Under occupancy rules for Housing Benefit

If you're working age and claim Housing Benefit, you may lose part of this if your home has more bedrooms than you need. This is called the under occupancy charge, or bedroom tax.

It applies if you rent your home from a:

  • council
  • housing organisation
  • other registered social landlord

How many bedrooms you're entitled to

The benefit size criteria allows one bedroom for:

  • each adult couple (same or opposite sex)
  • any other person aged 16 or over
  • any two children of the same sex aged under 16
  • any two children under the age of 10 regardless of their sex
  • any other child

You can't claim Housing Benefit for rooms that are used for any children visiting a divorced or separated parent.

How your benefit will be reduced

If you have more bedrooms than you need, your benefit will be reduced by:

  • 14% if you have one spare bedroom
  • 25% if you have two or more spare bedrooms

Additional bedrooms

You may be allowed an additional bedroom under certain circumstances.

For a carer

If you or your partner need regular overnight care from someone who doesn't normally live with you, you may be allowed an extra bedroom. Fill in our online form to apply.

Due to a disability

You may be allowed an additional bedroom if:

  • you have a child or children with severe disabilities and they're unable to share a bedroom.

  • you and your partner need to sleep apart because of a physical disability, and there isn't enough space for two single beds. A further qualifying test will be that one of you receives:
    • the middle or higher rate care component of Disability Living Allowance (DLA)
    • higher rate Attendance Allowance
    • the daily living component of Personal Independence Payment (PIP)
    • Armed Forces Independence Payment (AFIP)

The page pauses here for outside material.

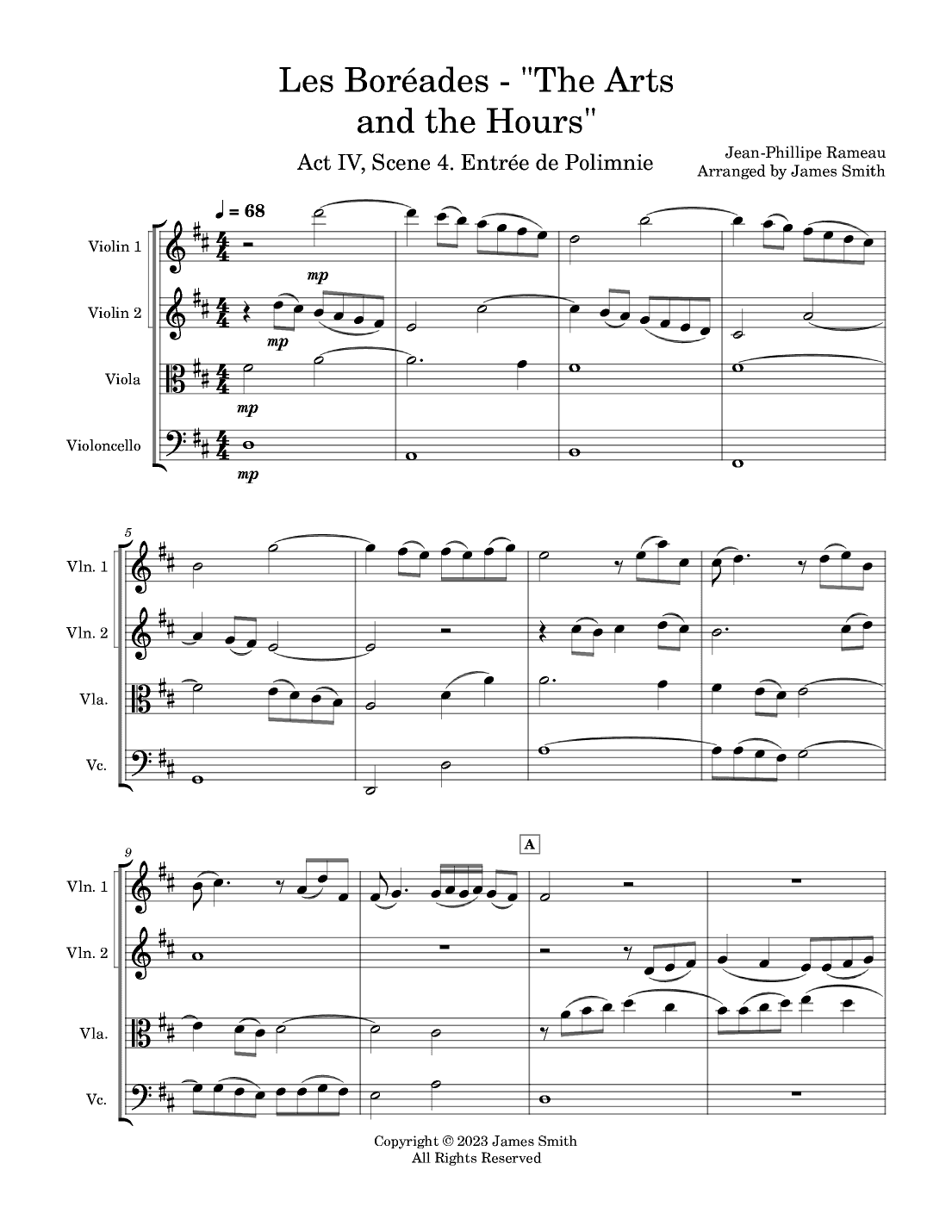 The Arts and the Hours (Les Boréades, Act 4 Scene 4: Entrée de Polimnie) (arr. James Smith)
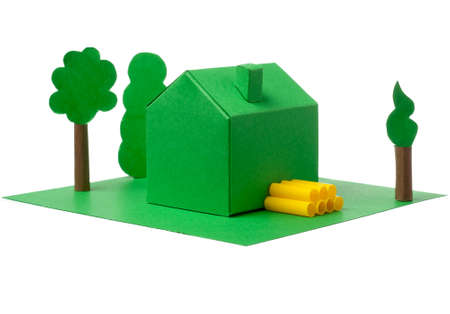 Green paper houseの写真素材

Fill in our online form to apply.

Other reasons

Other reasons you may be allowed an additional bedroom are if:

  • you foster a child or have become a foster carer in the last 12 months. (Contact us online to request a spare room, explaining your circumstances.)
  • you have adult children serving in the armed forces (as long as they intend to return to live with you).

If you rent from a private landlord

If you rent your home from a private landlord, the Local Housing Allowance rates in your area are used to work out how much Housing Benefit you’ll receive for the number of bedrooms you have.

Extra help to pay your rent

If you can’t afford to pay your rent because your benefit's been reduced, and you’re not able to move, you may be able to apply for extra help to pay your rent (Discretionary Housing Payment).